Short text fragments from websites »
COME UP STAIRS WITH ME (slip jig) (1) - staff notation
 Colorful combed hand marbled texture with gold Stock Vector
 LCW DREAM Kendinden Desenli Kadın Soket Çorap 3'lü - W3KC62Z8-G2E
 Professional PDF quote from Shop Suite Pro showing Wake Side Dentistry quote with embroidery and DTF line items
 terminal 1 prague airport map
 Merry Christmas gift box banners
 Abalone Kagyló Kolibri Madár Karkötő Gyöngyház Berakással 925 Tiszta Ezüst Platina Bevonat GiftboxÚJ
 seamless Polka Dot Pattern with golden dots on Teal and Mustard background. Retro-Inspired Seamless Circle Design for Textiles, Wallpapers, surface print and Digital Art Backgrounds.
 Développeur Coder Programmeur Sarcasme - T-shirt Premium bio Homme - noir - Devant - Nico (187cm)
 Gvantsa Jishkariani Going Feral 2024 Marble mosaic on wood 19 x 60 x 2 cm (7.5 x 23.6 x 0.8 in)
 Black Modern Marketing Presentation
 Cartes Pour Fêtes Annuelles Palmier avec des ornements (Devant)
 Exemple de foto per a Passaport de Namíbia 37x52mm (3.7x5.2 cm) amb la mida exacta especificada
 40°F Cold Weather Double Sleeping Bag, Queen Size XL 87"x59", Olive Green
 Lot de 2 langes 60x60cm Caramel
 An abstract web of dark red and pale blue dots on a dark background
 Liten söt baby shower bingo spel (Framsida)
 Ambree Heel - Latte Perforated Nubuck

WHAT THE TASK REQUIRES »
Starting from the line that contains "Gvantsa Jishkariani Going", give again every line to the last line of the data, exactly. Include nothing else.

ANSWER TO THIS TASK »
 Gvantsa Jishkariani Going Feral 2024 Marble mosaic on wood 19 x 60 x 2 cm (7.5 x 23.6 x 0.8 in)
 Black Modern Marketing Presentation
 Cartes Pour Fêtes Annuelles Palmier avec des ornements (Devant)
 Exemple de foto per a Passaport de Namíbia 37x52mm (3.7x5.2 cm) amb la mida exacta especificada
 40°F Cold Weather Double Sleeping Bag, Queen Size XL 87"x59", Olive Green
 Lot de 2 langes 60x60cm Caramel
 An abstract web of dark red and pale blue dots on a dark background
 Liten söt baby shower bingo spel (Framsida)
 Ambree Heel - Latte Perforated Nubuck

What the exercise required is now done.